GENTZKOW: What you see is places that got TV actually saw declines in voter turnout and political participation. You might think that’s at odds with the general rule that more media seems to be associated with more turnout, or more information seems to be associated with more turnout. What you see if you dig a little deeper is the reason that TV had a different effect was what TV replaced was time people were spending with other media. In particular, newspapers and radio in the 1940s and 50s and 60s had much more coverage of politics than TV did. In the first years, TV newscasts were just 15 minutes long. Mostly, people were watching Westerns, and entertainment programs. Although TV was a new medium, it actually had the effect of reducing the political information people were getting. Consistent with all the other evidence, if you crowd out political information, people have less news, less information about the political process then they vote less, and are less engaged.

These days, of course, there’s plenty of political information on TV, with a flock of cable channels especially devoted to politics. Or should I say, devoted to political entertainment?

GENTZKOW: People would say there’s entertainment value to news. But that, by itself, misses something important.

The important part, Gentzkow says, comes more from psychology than economics. He argues that we follow news events – a war, a drought, a celebration, whatever – in large part to make sense of our own lives.
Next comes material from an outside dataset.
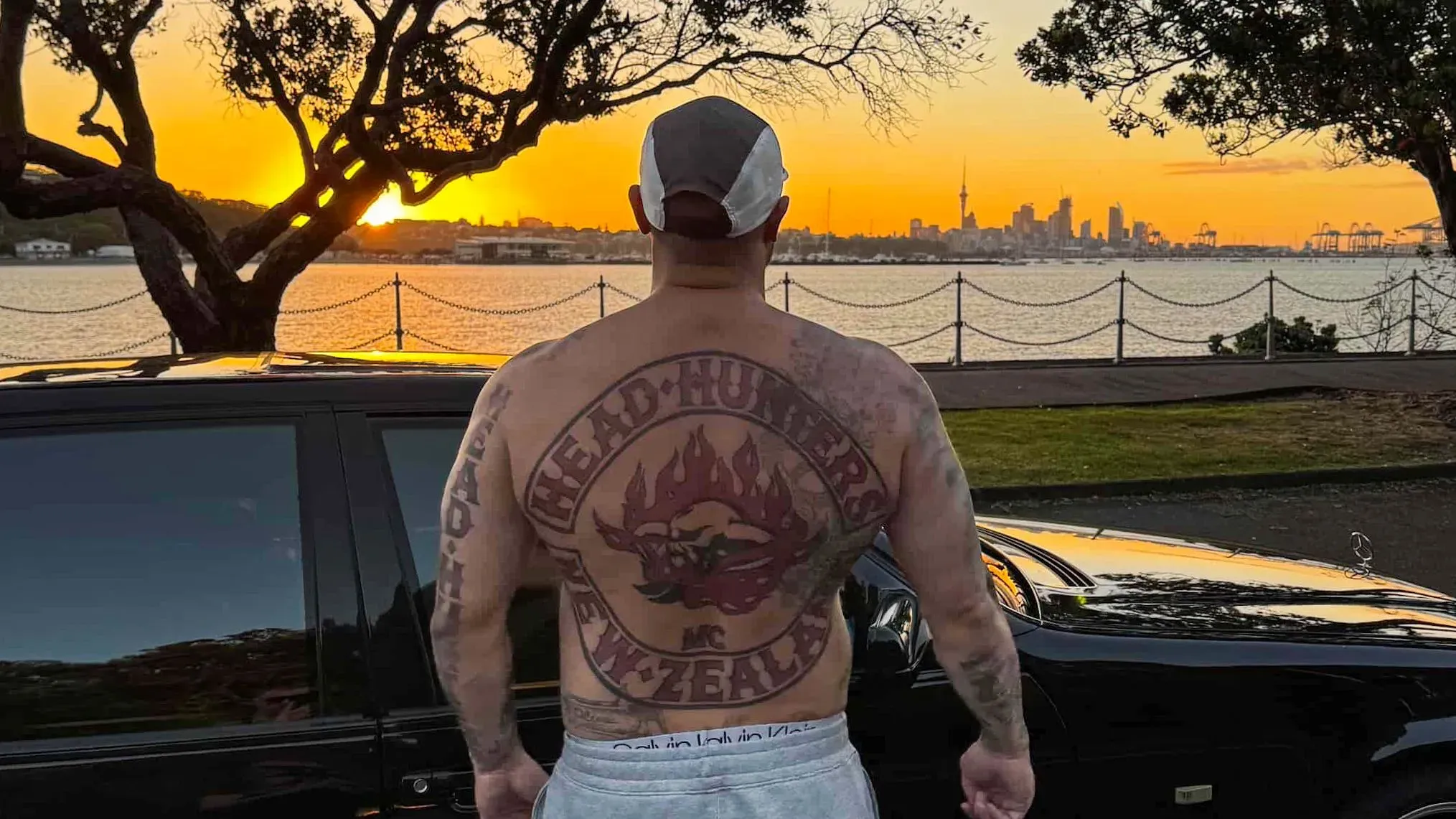 رجل ذو وشم كبير على ظهره يحمل اسم "صائدو الرؤوس" مع جمجمة وألسنة لهب، يقف أمام منظر غروب الشمس في نيوزيلندا.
GENTZKOW: There’s a lot of research in psychology about the importance of telling stories and building narratives for people. People like to look at their own lives as a story. They like to see the arc of the challenges that they overcame and define themselves as a character in that story. That makes a lot of sense of why we care so much about news. If what I’m thinking about all the time is my own life story and my own role in it, then what’s happening in the world around me is the context that that story’s happening in.

Okay, so where does that craving come from, to place ourselves in the story? We’ll get to that right after the break. We’ll also hear from one more economist, Steve Levitt, about his media diet:

Steven LEVITT: I don’t read newspapers anymore unless they appear in front of me.

And we’ll hear from Jill Abramson, the former top editor of The New York Times:

Jill ABRAMSON: For some reason, I have always had to read the New York Post in print everyday. One of the first things that I look at is my horoscope. I’m Pisces, if you’re curious.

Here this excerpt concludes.